I could use console commands to configure my printer, but I decided to get the CUPS web interface rolling first (No need to install Apache/httpd - CUPS serves its own pages).  Here are steps to make that happen:
  1. Add user to lpadmin group:  sudo usermod -aG lpadmin username
  2. If you want to use another computer to reach the web interface, then...
    1. sudo vi /etc/cups/cupsd.conf
    2. Comment out two "Listen" lines and add "Listen *:631
    3. In <Location /> section, add line "Allow 192.168.0.0/24" (or whatever network...)
    4. Do the same in <Location /admin > section
    5. Write file and quit :wq
    6. Restart CUPS daemon sudo /etc/init.d/cups restart
Now just go to the web interface in your browser (ie http://192.168.0.2:631), click Administration, Add Printer, click the one that makes sense, share it, and BAM!  Done!  In my case, the Samsung showed up out of the box - no drivers needed.  BTW, it showed up when plugged into the USB port - no parallel cable required!  I think this made for an easier printer detection.  However, from the CUPS web interface, I couldn't successfully print a test page - not done!

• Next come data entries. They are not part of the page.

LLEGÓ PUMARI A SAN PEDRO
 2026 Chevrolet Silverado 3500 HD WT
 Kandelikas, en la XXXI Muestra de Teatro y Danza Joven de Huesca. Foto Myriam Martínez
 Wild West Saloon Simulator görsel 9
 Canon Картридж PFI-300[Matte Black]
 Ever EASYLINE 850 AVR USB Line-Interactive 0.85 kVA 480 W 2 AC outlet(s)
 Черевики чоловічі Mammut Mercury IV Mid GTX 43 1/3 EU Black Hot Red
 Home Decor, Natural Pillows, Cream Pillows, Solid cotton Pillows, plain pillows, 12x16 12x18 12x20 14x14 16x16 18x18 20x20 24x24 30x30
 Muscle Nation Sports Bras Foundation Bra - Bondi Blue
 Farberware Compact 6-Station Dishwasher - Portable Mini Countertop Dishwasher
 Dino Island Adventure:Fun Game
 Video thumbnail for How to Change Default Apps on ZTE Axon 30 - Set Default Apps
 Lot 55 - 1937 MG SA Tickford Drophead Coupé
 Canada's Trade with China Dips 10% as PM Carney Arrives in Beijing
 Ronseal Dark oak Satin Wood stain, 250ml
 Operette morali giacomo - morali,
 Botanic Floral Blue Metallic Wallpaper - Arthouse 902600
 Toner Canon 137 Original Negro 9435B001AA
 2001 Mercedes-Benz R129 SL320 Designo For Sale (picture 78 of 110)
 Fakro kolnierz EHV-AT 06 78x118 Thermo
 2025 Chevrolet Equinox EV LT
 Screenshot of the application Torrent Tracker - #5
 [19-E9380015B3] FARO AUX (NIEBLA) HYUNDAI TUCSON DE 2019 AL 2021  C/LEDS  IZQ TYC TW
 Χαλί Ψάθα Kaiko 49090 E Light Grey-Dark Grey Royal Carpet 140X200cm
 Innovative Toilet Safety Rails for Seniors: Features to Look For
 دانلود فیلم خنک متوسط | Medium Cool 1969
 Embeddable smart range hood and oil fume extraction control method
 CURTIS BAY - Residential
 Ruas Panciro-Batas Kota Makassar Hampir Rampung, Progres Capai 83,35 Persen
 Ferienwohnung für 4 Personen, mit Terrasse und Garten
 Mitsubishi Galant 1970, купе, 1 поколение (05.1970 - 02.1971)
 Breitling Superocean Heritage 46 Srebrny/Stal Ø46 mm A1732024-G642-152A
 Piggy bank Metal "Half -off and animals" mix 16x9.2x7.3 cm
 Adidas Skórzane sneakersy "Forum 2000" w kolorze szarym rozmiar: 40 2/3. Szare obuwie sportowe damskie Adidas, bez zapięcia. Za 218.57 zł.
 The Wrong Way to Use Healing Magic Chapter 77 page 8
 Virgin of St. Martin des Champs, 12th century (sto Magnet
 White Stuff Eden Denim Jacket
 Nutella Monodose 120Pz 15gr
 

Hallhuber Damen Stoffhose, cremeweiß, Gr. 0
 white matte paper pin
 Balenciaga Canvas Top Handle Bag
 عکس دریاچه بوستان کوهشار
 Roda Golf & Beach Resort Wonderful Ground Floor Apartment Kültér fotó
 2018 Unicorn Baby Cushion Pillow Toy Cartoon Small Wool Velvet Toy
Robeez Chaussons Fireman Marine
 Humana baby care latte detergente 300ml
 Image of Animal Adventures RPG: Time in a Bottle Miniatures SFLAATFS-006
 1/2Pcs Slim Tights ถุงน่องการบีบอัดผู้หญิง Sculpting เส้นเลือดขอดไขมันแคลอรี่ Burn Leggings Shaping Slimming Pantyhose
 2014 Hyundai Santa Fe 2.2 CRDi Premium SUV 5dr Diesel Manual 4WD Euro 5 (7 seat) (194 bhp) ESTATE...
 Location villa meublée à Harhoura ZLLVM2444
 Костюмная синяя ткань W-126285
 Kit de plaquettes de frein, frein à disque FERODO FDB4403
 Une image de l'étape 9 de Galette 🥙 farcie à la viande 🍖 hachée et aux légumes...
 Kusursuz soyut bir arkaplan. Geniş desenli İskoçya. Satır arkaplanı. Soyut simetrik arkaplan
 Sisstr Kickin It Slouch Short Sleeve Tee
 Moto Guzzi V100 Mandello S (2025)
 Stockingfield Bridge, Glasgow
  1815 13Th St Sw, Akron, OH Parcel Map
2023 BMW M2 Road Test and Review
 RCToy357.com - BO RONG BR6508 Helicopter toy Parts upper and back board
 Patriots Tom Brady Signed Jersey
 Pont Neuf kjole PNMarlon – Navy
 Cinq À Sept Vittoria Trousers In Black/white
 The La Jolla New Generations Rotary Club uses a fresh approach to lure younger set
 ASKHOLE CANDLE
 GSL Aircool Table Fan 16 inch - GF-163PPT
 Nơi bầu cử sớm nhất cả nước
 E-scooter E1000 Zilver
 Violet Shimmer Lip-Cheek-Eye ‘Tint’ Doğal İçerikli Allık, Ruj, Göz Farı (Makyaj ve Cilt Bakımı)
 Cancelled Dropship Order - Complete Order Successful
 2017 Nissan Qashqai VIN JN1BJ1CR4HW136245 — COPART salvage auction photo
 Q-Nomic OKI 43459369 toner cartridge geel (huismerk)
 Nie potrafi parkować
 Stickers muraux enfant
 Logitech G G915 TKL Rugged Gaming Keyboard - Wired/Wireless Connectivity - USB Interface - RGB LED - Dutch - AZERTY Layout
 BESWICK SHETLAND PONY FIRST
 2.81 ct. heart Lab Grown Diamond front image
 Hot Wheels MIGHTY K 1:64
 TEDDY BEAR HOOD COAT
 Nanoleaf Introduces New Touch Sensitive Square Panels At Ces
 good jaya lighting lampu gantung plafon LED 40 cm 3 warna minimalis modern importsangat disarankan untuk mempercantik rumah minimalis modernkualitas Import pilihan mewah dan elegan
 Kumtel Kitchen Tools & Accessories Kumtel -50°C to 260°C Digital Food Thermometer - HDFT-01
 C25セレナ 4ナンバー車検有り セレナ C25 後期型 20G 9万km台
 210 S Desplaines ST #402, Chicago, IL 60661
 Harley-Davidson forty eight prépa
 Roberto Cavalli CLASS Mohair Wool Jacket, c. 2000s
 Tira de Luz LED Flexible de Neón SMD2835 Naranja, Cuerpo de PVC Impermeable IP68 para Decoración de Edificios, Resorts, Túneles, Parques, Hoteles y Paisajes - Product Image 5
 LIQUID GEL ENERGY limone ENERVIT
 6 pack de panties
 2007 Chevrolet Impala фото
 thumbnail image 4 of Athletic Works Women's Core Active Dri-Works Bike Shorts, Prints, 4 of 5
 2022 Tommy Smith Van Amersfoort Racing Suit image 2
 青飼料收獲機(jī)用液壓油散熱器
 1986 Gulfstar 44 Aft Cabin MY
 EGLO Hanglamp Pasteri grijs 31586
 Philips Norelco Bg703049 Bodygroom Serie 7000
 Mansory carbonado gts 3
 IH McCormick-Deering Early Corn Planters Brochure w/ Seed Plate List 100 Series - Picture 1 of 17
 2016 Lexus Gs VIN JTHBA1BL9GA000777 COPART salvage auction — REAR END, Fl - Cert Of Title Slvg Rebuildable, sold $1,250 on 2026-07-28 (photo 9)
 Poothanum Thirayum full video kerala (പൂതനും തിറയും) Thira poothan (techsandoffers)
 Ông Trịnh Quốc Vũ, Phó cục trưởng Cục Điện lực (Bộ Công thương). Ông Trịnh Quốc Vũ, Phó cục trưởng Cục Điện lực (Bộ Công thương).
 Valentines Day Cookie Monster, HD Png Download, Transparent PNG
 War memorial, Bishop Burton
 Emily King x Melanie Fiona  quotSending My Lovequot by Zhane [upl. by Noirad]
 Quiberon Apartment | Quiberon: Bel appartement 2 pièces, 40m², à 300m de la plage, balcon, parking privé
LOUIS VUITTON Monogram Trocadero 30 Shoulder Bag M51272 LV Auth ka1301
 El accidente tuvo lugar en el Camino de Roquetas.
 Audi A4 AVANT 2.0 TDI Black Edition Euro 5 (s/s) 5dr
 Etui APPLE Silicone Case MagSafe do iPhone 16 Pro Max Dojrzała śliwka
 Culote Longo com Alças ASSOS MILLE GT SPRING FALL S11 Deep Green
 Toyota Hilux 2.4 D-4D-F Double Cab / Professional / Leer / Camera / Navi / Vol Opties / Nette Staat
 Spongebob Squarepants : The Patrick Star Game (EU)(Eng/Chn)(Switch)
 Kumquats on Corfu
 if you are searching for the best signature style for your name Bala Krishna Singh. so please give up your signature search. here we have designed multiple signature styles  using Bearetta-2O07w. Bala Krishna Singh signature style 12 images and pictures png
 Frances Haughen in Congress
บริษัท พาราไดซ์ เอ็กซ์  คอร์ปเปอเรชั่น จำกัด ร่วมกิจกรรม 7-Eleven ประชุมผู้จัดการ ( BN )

To try and get things to work [FAIL], I first installed the Samsung drivers:
  1. Download: wget http://downloadcenter.samsung.com/content/DR/200707/20070720165704156_UnifiedLinuxDriver.tar.gz
  2. Unzip: sudo tar xzf ./20070720165704156_UnifiedLinuxDriver.tar.gz 
  3. Install: sudo ./cdroot/autorun
That didn't help much.  So I followed this guide and ultimately got it to print the test page with the Splix drivers:
apt-get install splix


But network printing didn't work =(      Hours (days) later, i'm not sure what's wrong - pretty sure it's all in the cupsd.conf file, but I give up.  Just bought a used HP on Amazon for $90 with shipping.  

 The SANE

Didn't try...

The WiFi

Since the Buffalo doesn't have linux support out of the box, step one is to dive into these WiFi docs and hacks.